No desprecio a quien ha trabajado de cajera en un supermercado porque se pueden barrer las calles con aires de príncipe. Hay empleadas de la limpieza con más elegancia que no pocas de las diputadas y albañiles con más señorío que la mayoría de ministros
Les pondré un ejemplo de lo que entiendo por clase. Talleyrand fue, como muchos saben, un personaje fascinante, siendo el diplomático más exitoso de sus tiempos. No en vano consiguió que Francia saliera con sus fronteras indemnes en el Congreso de Viena en el que, y no es algo menor, también logró en una disputa internacional acerca de cuál era el mejor queso del mundo que se impusiera el Brie galo frente al Chester que presentaba el Duque de Wellington, el Livonia que portaba reverentemente el embajador ruso Nesselrode o el gran Metternich, quien se proveyó de un suculento queso de Bohemia. Talleyrand sedujo a las cortes europeas con su elegante aplomo y su fascinante conversación.

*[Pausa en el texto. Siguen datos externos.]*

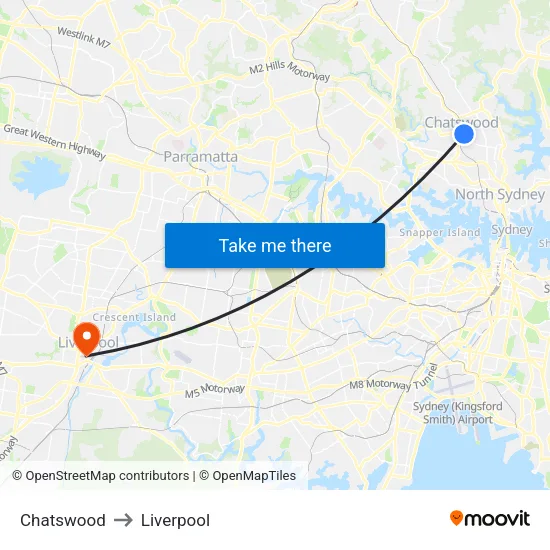 Chatswood to Liverpool map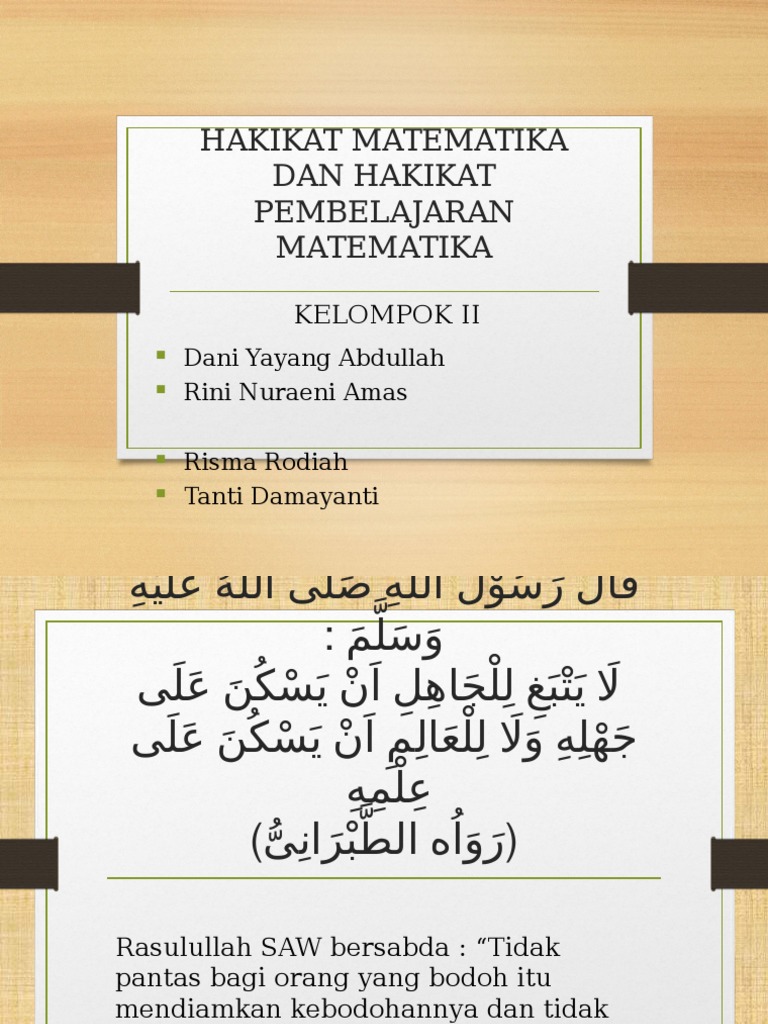 Hakikat Matematika dan Pembelajaran matematika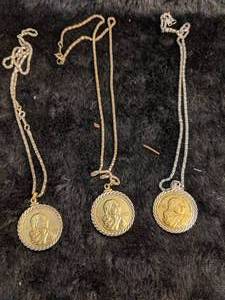 lot 210 image: Lot of 3 American Indian Relief Council Coin Necklaces Dated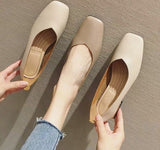 New Spring Flats Shoes Women Wooden Low Heel Ballet Square Toe Shallow Brand Shoe Slip On Loafer zapatos de mujer big size 36-41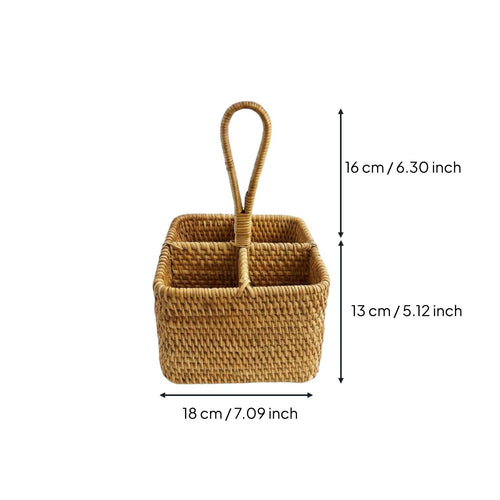 Woven Rattan Storage Basket Multi-Compartment Divided Control Holder Material Wicker Organizer Basket for Office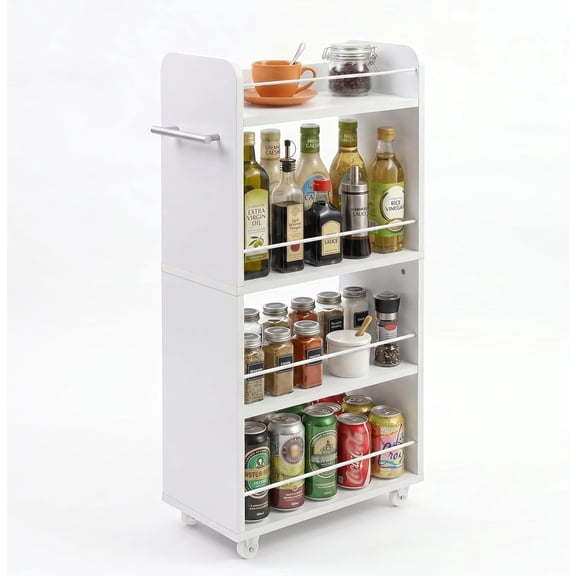 Slim Rolling Storage Cart with Wheels,4 Tier White Rolling Utility Cart with Handle Slide Out Spice Rack Organizer Trolley for Kitchen Bathroom Laundry for Small Corner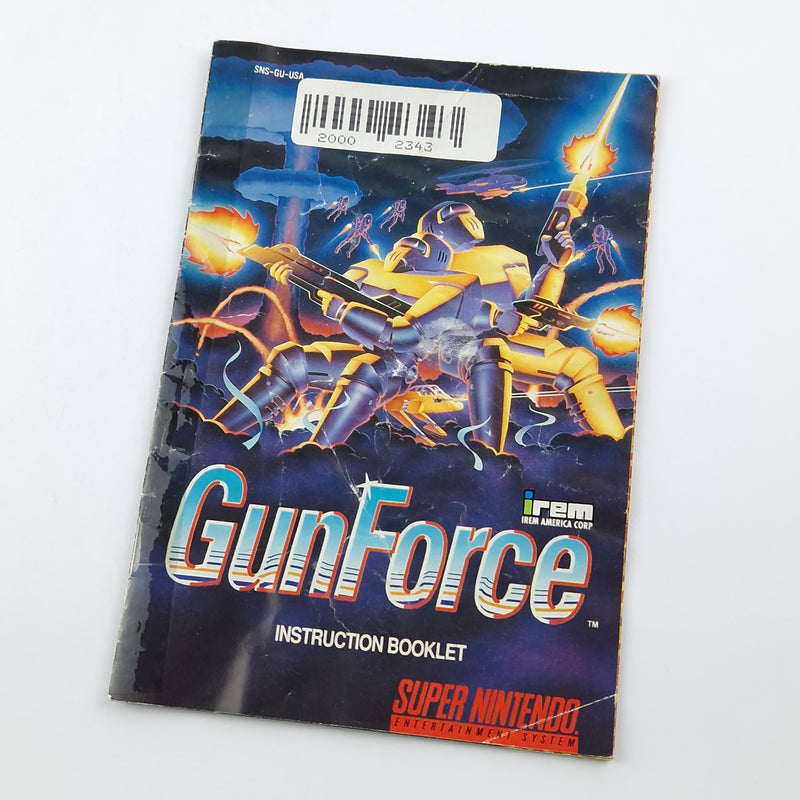 Super Nintendo Game: Gun Force - Module Instructions OVP cib / SNES NTSC-U/C USA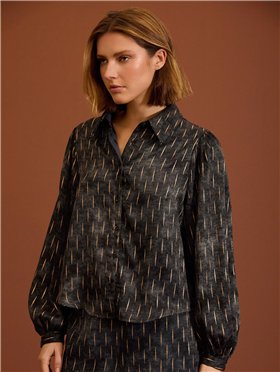 Meisie Blusa satinada con estampado dorado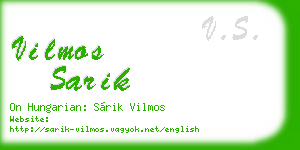 vilmos sarik business card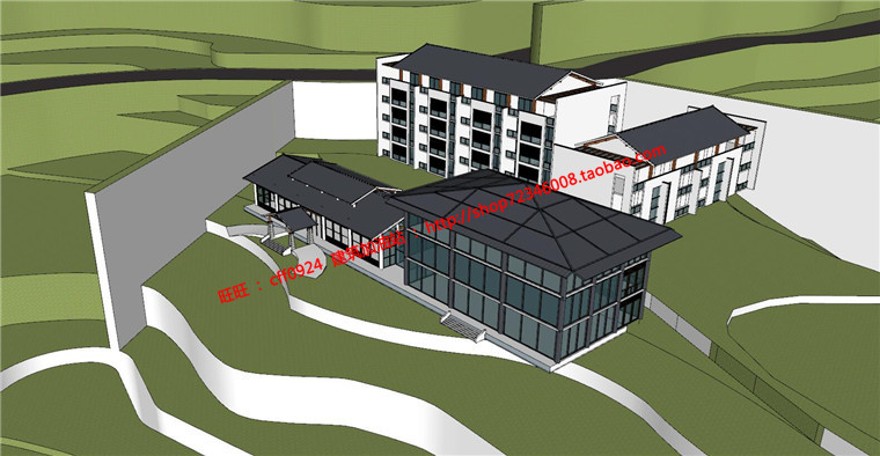 古典园林风格山地住宅旅馆方案设计cad图纸su模型展板效果图
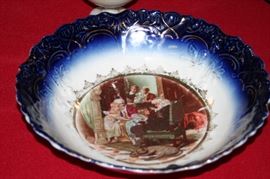 Austrian bowl with flow blue border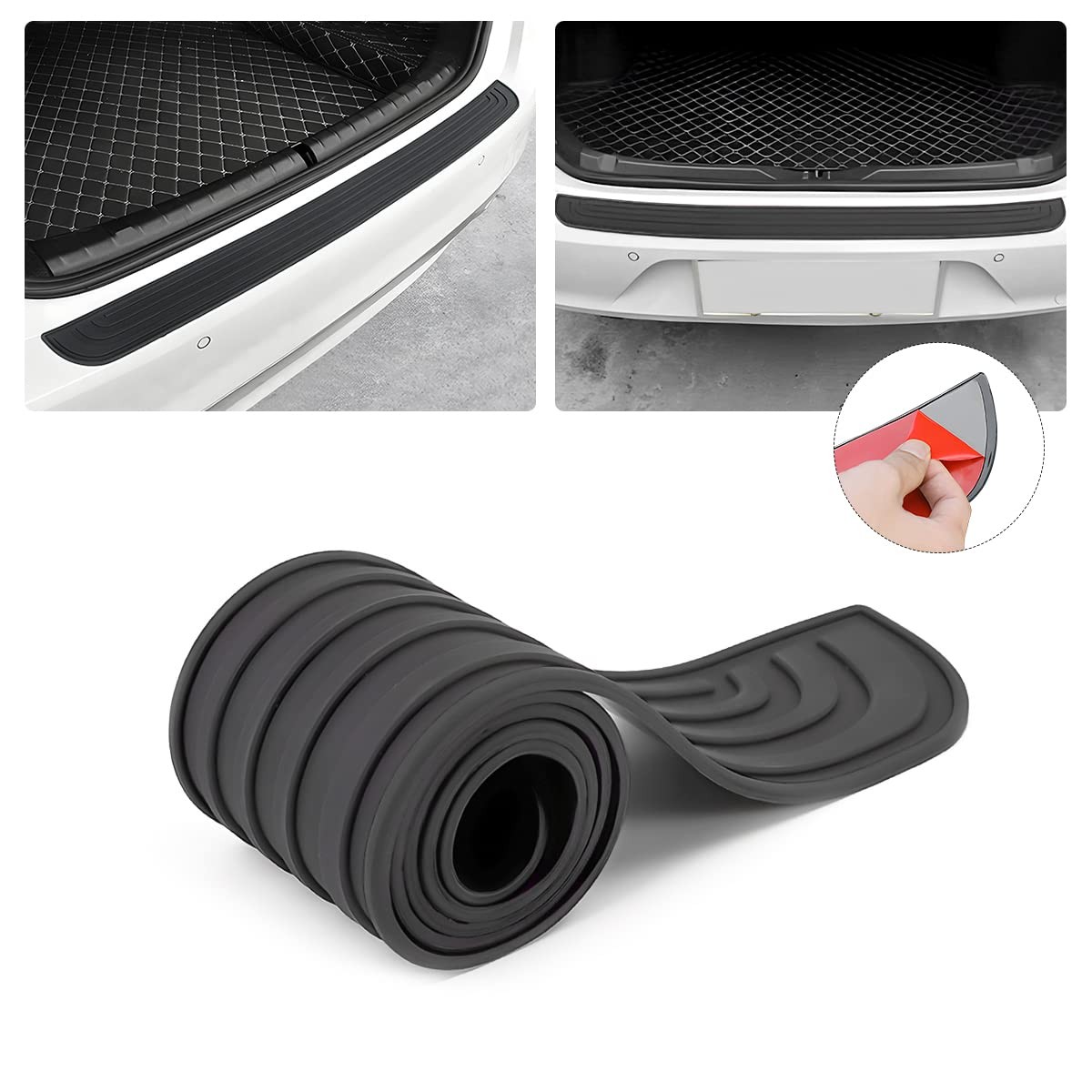 Car Rear Bumper Protector Guard – Anti-Scratch, Non-Slip, 40.9in Black Rubber…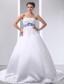 Graceful A-line Strapless Brush Train Satin and Lace Appliques Wedding Dress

Funambulista de la política en tiempos en los que el error de apreciación podía llevarte a la guillotina, su trayectoria es pasmosa, por decir poco: fue uno de los más altos cargos de la Iglesia Católica con Luis XVI, trocó el hisopo en gorro con escarapela revolucionaria, luego pasó a ser ministro del Imperio y, finalmente, finalizó su brillante carrera diplomática en la restauración monárquica con Luis Felipe I. Vean como este sibarita de la vida entendía la manera de tratar a sus semejantes.
Hete aquí que reunió cierto día seis invitados alrededor de su mesa: el cardenal Albani, el príncipe Koutchobey, el marqués de Lima, el conde Romanzoff, el barón de Nerva y su amigo íntimo Casimire de Montrond. A la hora de trinchar un suculento asado de buey, Talleyrand se dirigió al cardenal y, con voz eclesial y profunda, hizo una genuflexión y susurrando dijo “¿Me haría su Eminencia el inmenso honor de aceptar este filete de buey?”. Al príncipe le dijo, inclinándose respetuosamente con voz afectada “¿Puedo osar ofrecer este filete de buey a su Excelencia?”.
Al conde Romanzoff, ya sin tanto aparato y ampulosidad, le dijo “Señor conde, concededme el honor de ofreceros este filete de buey”. Al marqués de Lima, tanto como al barón de Nerva, de manera más franca, sonriente y sin reverencia alguna les preguntó “Caballeros, estimados, probad este excelente buey”. Y, por último, dirigiéndose a su amigo, se limitó a decir secamente “Montrond, ¿buey?”.
En esta anécdota se resume la quintaesencia de quien es persona de mundo que conoce con quién habla y la manera de tratarlo. ¿Se imaginan a alguien de nuestros gobernantes ejercitando esa sutilísima gracia, ese malabarismo en la cuerda floja que distingue al caballero del gañán? Los que van al Congreso poco menos que en pijama y chancletas, ¿qué harían en tal caso? Tengo por seguro que en cualquier humilde hogar español se mantendrían más las formas y la educación, la clase, en suma, que haría esta panda. Ya ven por qué afirmo que los que detentan el poder no tienen clase ni la tendrán jamás.